Good tunes can do good things. Here’s hoping my music therapy helps to make someone else’s day less shitty when they need it.

Music Therapy #1: Your Heart is a Muscle the Side of Your Fist, by Ramshackle Glory

I don’t know anything about Ramshackle Glory. I dabble in punk (teen of the pop punk 90s here), but I’m superficially familiar at best, and honestly, this song was spit out of a generated playlist. I don’t know how the algorithm works.

It’s a little bit peppy and a decent bit dark. It pushes me forward and it also makes me feel like I’m not alone with the feeling that being positive (what everyone tells you to do in these situations) is hard fucking work.

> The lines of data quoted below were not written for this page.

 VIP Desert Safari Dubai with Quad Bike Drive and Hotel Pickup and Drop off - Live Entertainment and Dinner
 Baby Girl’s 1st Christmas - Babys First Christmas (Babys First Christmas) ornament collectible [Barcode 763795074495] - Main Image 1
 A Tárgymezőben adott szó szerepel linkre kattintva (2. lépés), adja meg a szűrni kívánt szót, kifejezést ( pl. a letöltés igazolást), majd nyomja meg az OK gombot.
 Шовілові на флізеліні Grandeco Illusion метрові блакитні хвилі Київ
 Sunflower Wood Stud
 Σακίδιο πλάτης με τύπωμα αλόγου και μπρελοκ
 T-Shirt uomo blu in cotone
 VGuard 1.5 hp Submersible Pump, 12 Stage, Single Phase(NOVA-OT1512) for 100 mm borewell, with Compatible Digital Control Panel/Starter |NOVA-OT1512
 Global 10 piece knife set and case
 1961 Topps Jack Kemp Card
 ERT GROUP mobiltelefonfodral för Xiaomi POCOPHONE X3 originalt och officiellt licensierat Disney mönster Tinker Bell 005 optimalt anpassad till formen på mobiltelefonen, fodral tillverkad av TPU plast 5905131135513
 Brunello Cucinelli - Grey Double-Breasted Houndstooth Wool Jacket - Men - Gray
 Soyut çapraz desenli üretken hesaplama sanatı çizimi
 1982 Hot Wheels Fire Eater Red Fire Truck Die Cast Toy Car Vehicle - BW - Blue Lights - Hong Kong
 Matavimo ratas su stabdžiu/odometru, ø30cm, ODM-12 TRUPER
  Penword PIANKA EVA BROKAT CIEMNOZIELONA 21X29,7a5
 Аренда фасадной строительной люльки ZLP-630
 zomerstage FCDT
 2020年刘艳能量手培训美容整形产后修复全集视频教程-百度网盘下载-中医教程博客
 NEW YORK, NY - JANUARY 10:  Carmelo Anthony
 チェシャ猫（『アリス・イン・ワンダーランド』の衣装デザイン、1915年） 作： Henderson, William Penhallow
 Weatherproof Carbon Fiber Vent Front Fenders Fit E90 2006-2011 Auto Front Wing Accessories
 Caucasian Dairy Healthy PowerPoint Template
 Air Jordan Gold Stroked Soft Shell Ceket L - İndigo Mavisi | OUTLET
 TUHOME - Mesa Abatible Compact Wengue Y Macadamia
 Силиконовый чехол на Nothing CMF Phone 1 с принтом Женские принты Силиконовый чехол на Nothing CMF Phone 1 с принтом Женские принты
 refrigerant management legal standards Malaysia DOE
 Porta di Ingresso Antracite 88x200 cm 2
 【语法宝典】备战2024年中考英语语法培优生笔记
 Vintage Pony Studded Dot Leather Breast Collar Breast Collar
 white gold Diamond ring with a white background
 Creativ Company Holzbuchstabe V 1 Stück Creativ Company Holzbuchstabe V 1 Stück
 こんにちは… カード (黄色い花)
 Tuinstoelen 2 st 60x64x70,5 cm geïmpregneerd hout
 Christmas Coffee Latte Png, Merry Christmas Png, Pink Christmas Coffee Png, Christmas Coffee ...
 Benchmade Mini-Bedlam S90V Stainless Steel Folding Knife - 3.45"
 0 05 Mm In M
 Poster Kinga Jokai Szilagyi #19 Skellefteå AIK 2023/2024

The day this came on wasn’t a terrible day, but it wasn’t a good one either, and I just needed it. I need it pretty regularly.

Dalia never showed me nothing but kindness

She would say: “I know how sad you get.”

And some days, I still get that way

But it gets better

It gets better

It gets better

Sweetie, it gets better, I promise you

And she’d tell me

Your heart is a muscle the size of your fist

Keep on loving. Keep on fighting

And hold on, hold on

Hold on for your life

Keep on loving and keep on fighting. It’s work, but as any sporadic gym goer knows, it’s a hell of a lot easier to maintain than to make a comeback.